Hmm, how can this happen, my last post is more than 12 months old … During this period some things have changed – it seems mostly to the better, and some things are still the same, I’m still in love with data.

My resolution for the year 2017, post more often 🙂

Generic Data Processing Problems

Over the last years I encountered similar problems and had to solve these problems with different tools, for this reason I started to call these kind of problems generic problems. These thinking has proven that I have become much more versatile in developing problem solving solutions and also faster (at least this thinking works for me).

My toolset has not changed in the way that I’m now using this tool instead of that tool, but has changed in the way that I’m now using more tools.
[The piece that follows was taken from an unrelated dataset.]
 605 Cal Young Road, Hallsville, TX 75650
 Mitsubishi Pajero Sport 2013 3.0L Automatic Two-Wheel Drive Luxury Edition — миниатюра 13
My current weapons of choice are SQL (T-SQL to be precise), R, and Power BI.

One problem group is labeled “Subset and Apply”.

Subset and Apply

Subset and Apply means that I have a dataset of some rows where due to some conditions all the rows have to be put into a bucket and then a function has to be applied to each bucket.

The simple problem can be solved by a GROUP BY using T-SQL, the not so simple problem requires that all columns and rows of the dataset have to be retained for further processing, even if these columns are not used to subset or bucket the rows in your dataset.

Subset and Apply – Indexing Rows

What I want to achieve is to create a new column, that shows the rowindex for each row in its subset.

The SQL script, the R script, and the Power BI file can be found here:
https://www.dropbox.com/sh/y180d8q0rcjclxg/AADaHttgsAGBZg4vH55hMMYka?dl=0

I start with this simple dataset

base

And this is how the result should look like

result

I like the idea of ensemble modeling or decomposition, for this reason I came up with the following three separate parts that needed a solution

Create a new column in my dataset
Build subsets / groups / windows in my dataset
Apply a function to each of the subsets (I may have to consider some kind of sorting within each group)

Here are some areas of interest where you may encounter this type of problem

Feature Engineering, create features that represent a sequence for your statistical models
Create content for a slicer in Power BI, that enables you to compare the 1st order across all customers
Ensure that points have the correct order if you are tasked with creating complex shapes
…

Subset and Apply – Indexing Rows – T-SQL

Using T-SQL I’m going to use the OVER() clause and the ROW_NUMBER() function.

The complete T-SQL statement:

Select
basetable.*,
row_number() over(partition by basetable.customerid order by basetable.orderdate, basetable.orderid)
as rowindexinsubset
from
@basetable as basetable;

Because I started my data career with T-SQL this solution seems to be the most obvious.

The subsetting of the dataset is done by PARTITION BY and the ordering by the ORDER BY part of the OVER(…clause), the function that is applied to each subset is ROW_NUMBER()

Subset and Apply – Indexing Rows – R (data.table package)

Please be aware that there are many Packages for R (estimates exists that the # of packages available on CRAN will reach 10thousand) that can help to solve this task, but for a couple of reasons my goto package for almost any data munging task is “data.table”. The #1 reason: performance (most of the time the datasets in question are somewhat larger than this simple one).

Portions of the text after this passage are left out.